The State of the Market for M&A – July 2012

An article by Peter Watson

One of the most common questions I get asked by owner managers who are considering selling their business – is whether the time is right. Market activity is undoubtedly a factor – though perhaps a less important one than the business activity!

So what is the current state of the market for Mergers and Acquisitions?

Recently released statistics from the Office of National Statistics indicate that UK company activity for the first quarter of 2012 was down on all fronts – yet the picture is undoubtedly an uneven one. Activity within the ICT (Information & Communication Technology sector) – a very relevant sector to Cambridge – appears to be holding up well – indeed we estimate that as many as half the deals in the first quarter of 2012 were in this sector.

In certain niche markets sky high valuations can still persist – such as the recent purchase by Salesforce.com of social media start-up, GoInstant – an online meeting/collaboration tool.  The business only has 12 employees, having been set up in 2010 with c£1m funding, yet was acquired for c£47m.
Some return on investment!

So what about closer to home?
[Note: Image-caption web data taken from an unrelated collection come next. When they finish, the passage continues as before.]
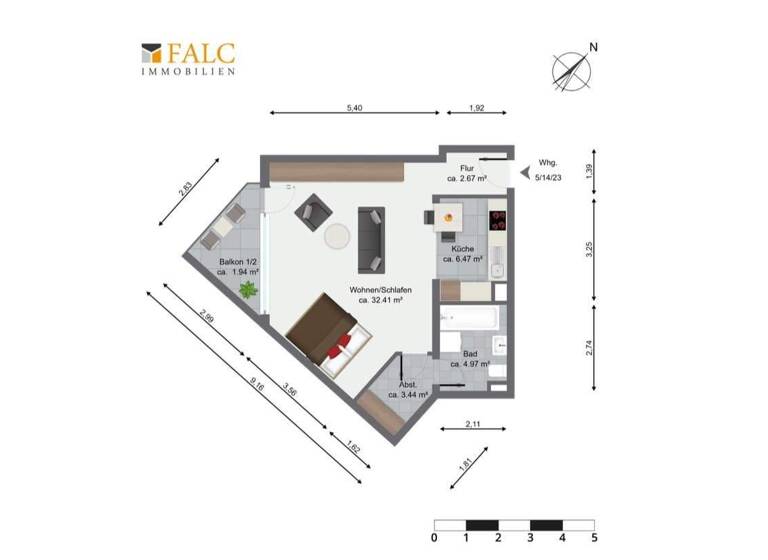 Studio zum Kauf 100.000 € 1 Zimmer 52 m² Weinböhla 01689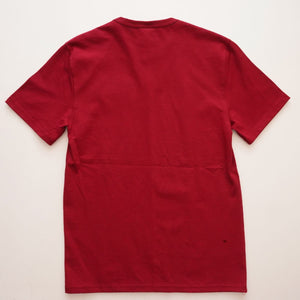 チャンピオン ボルドー ランタグフラグ ワンポイントワッペン Tシャツ CHAMPION BORDEAUX RUN-TAG FLAG TEE MENS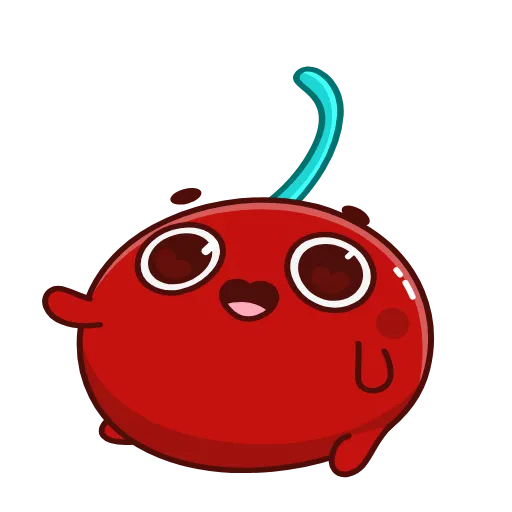 👋 Стикер «Red Cherry» для Telegram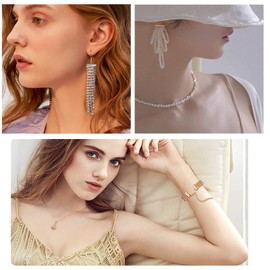 PH PandaHall 200 pcs 5 Sizes Iron Slide On End Clasp Tubes for Jewellery Making Handcraft Works Necklace Bracelet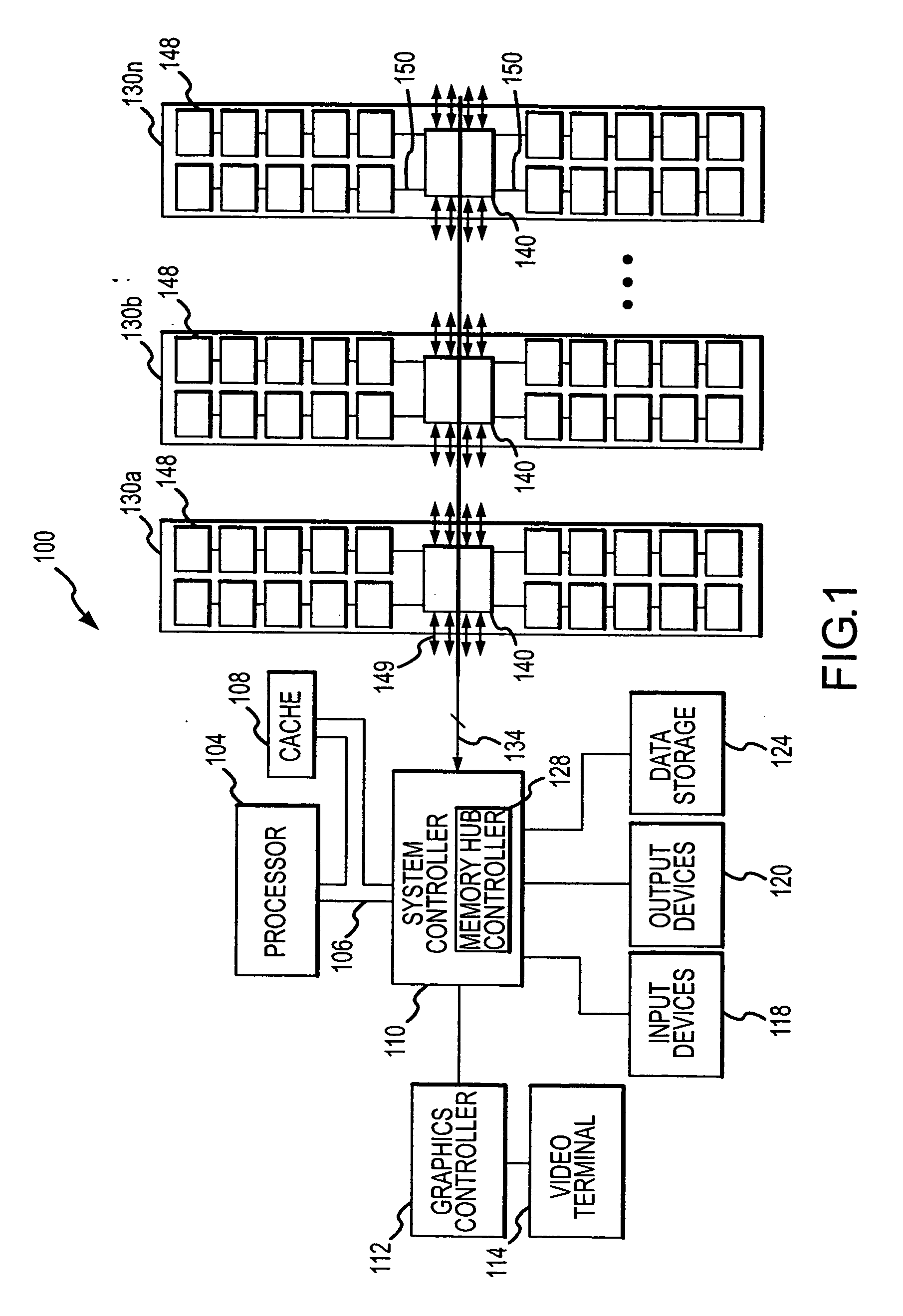 Memory hub and method for memory sequencing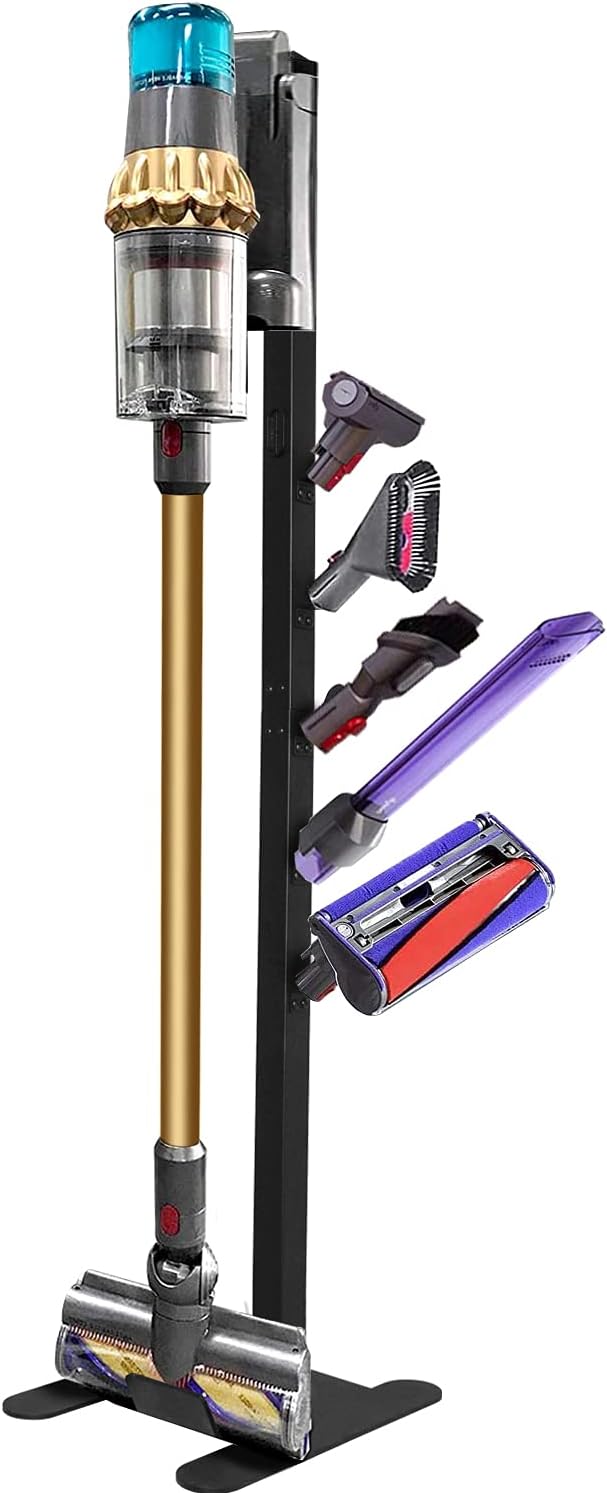Haturi Vacuum Stand for Dyson V15 V11 V10 V8 V7 V6, Sturdy Metal Organizer Bracket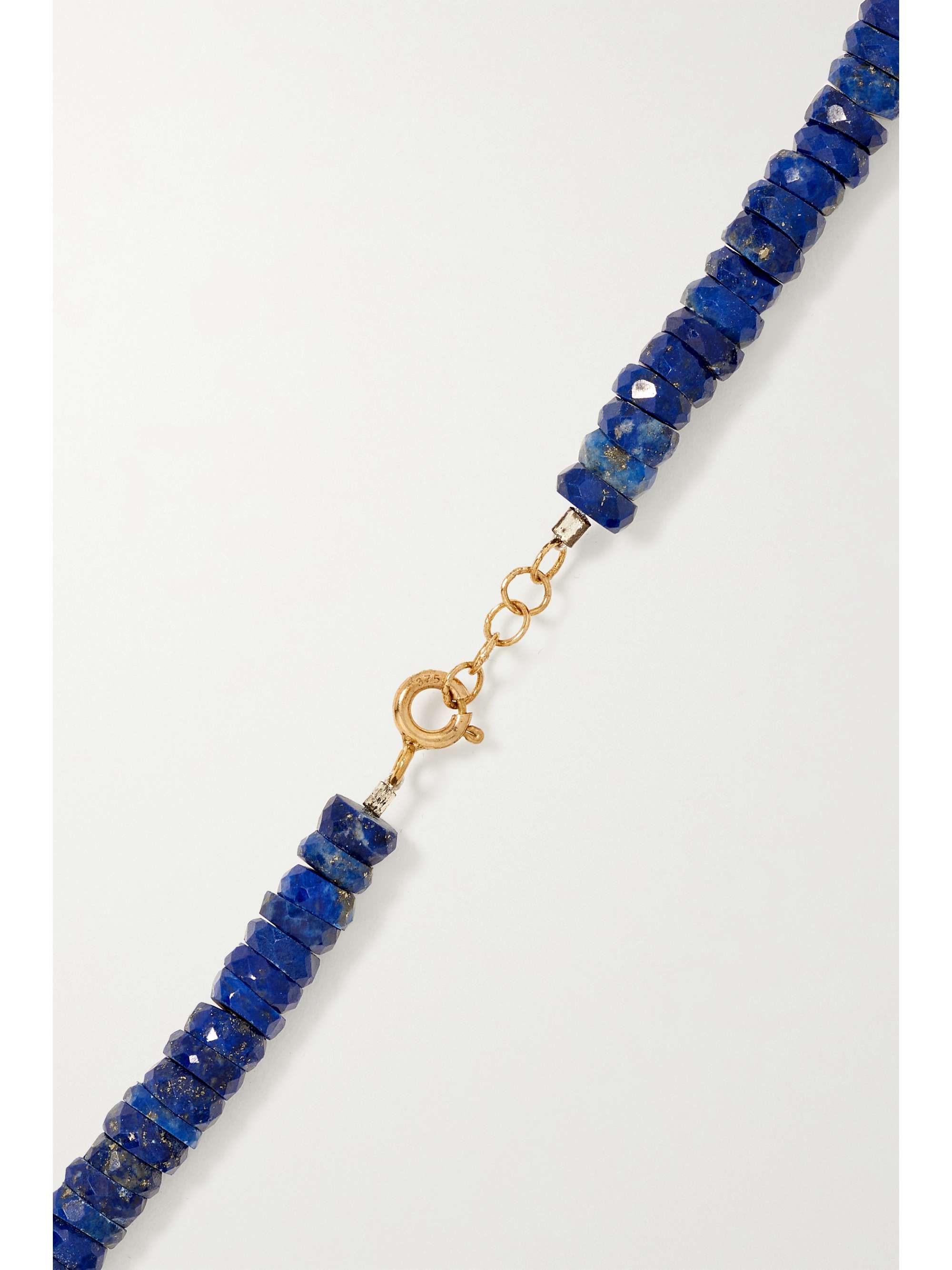 PASCALE MONVOISIN Taylor N°3 9 and 14-karat gold lapis lazuli necklace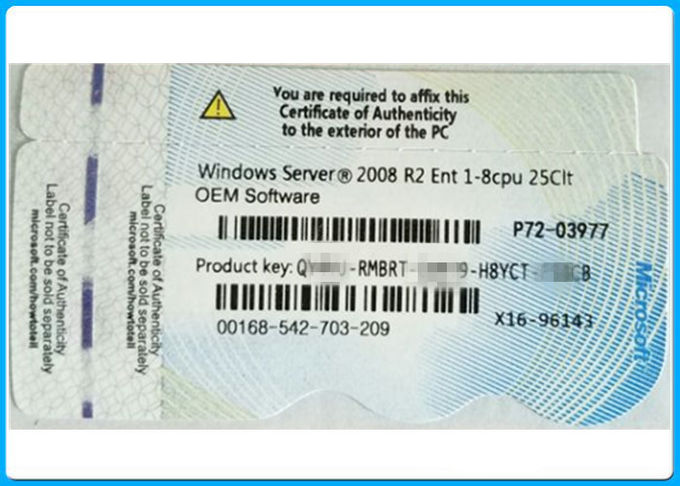 Ursprünglicher Software-Microsoft Windows-Server 2008, Windows Server Soem-Schlüssel 2008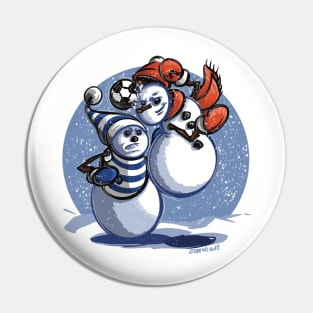 Snowman Header Pin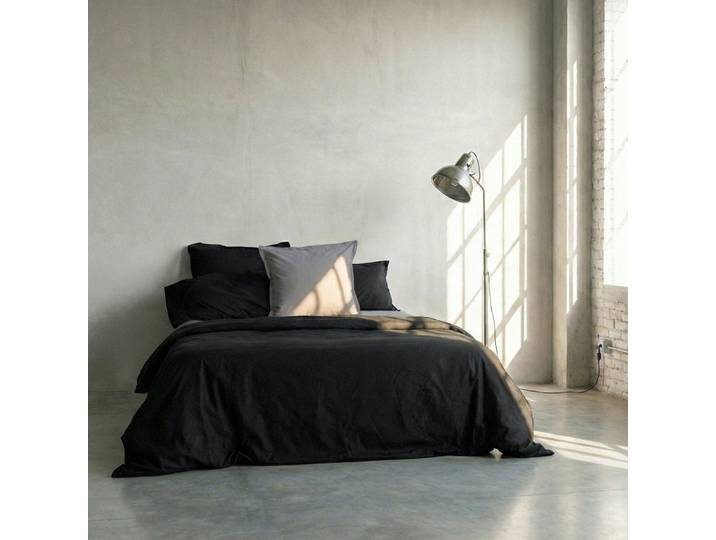 Housse de couette HappyFriday BASIC Noir 240 x 220 cm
Our experience is that many businesses are actually doing very well –cash balances are growing but with very little return in the way of interest. Bank lending is now available for the right (generally larger) acquisition.

Valuations have fallen from their pre-credit crunch peak but are now at median levels and we expect this to continue. The economy may be in recession, but we suspect that slow economic growth is here for a while – the new norm if you like, and we anticipate that M&A activity will continue at current levels also.

Good businesses will continue to attract buyers, and where there is competition it will help encourage more attractive valuations. Whether the time is right to go to market, or to make an acquisition, will depend upon your specific circumstances. If the time is right for you personally and your business, there will be a market.